Busca-se, então, uma compreensão acerca do comportamento humano, trazendo o conceito de condicionamento operante de Skinner: a depender do comportamento que se espera ensinar e como o sujeito responde aos estímulos induzidos com atos de punições ou recompensas – reforços positivos ou negativos (KLEINMAN, 2015:18). Tentando situar esses comportamentos a espacialidades nocivas (precárias em estímulos em relação aos ambientes naturais), exemplifica-se o experimento da prisão de Stanford de Zimbardo, onde em poucos dias, houve grave desequilíbrio psicológico entre todos os envolvidos, quando inicialmente foram considerados emocionalmente estáveis (KLEINMAN, 2015:50). Não apenas por serem determinadas novas posturas e condutas – complexamente distintas às personalidades (e estados comportamentais) prévias dos envolvidos –, mas também por situá-los em ambientes ausentes de identidade e acolhimento, desorientando seus estados presentes (e sistemas de autorregulação). Tendendo a estimular, assim, falta de apego ao lugar e a distorcer sua sociabilidade, capacidade de afetação e compreensão intrínseca de sua espécie (BAHI-FLEURY, 1996 apud KUHNEN, 2009:29). Quando as visões de mundo se constroem a partir da interação e da consciência do ambiente físico pelo(s) sujeito(s), ou ainda da sua natureza social (sociedade) e da apreciação à vida (biofilia) (KUHNEN, 2009:32).


Ampliando essas reflexões para possíveis efeitos em escala / coletividade, analisa-se a teoria da aprendizagem coletiva de Bandura: onde modelos (pessoas e personagens fictícios) são observados cotidianamente, estimulando à aprendizagem de condutas e comportamentos quanto maior a similaridade entre o modelo observado e o sujeito-observador (KLEINMAN, 2015:102). Em analogia desses modelos às espacialidades coletivas, analisa-se sobre o quanto os estímulos ambientais afetariam essa aprendizagem. Também refletindo sobre a quantidade de indivíduos presentes no contexto e seus respectivos estados presentes (autorregulações). Se estariam favorecendo ou prejudicando o processo de aprendizagem, visto a natureza inconsciente de adaptação ao meio (e o sentimento de apego e pertencimento). Mais uma vez, permeando aspectos de consolidação de memórias e origem de falsas memórias, além de fatores de proteção ou desencadeamento de transtornos mentais.

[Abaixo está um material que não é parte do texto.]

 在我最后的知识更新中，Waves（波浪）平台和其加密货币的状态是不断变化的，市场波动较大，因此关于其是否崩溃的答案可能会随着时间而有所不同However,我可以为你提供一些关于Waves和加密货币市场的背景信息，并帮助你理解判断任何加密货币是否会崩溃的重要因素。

Na sequência, aborda-se sobre a valorização das vivencias ou possíveis conformidades quando o meio não favorece a apropriação temporária pelo sujeito. Em mesmo momento, se reflete sobre a resistência ao conformismo (e à liberdade à expressão criativa) quando o sujeito encontra apoio social (ASCH, 1951 apud KLEINMAN, 2015:56). Assim como ordenações e geometrias conhecidas ao sujeito tendem a gerar maior segurança psicológica (BOTTON, 2008:176). Em contrapartida, se analisa o quanto a padronização e falta de contextualização (cultura local e entorno) poderiam levar a uma existência humana desmotivada e de declínio cognitivo – recorrendo a heurísticas ou gerando vieses e falsas memórias diante de poucas alterações nas informações continuamente coletadas pelos neurônios. Ponderando, também, tal processamentos em relação à fisionomia das cidades e o quanto a falta de estímulos (diversificados, efêmeros, coerentes entre si e contextualizados a um locus e topos[1]), tende a limitar a natureza criativa, intuitiva e social inata ao ser humano (ARGAN, 2010:235).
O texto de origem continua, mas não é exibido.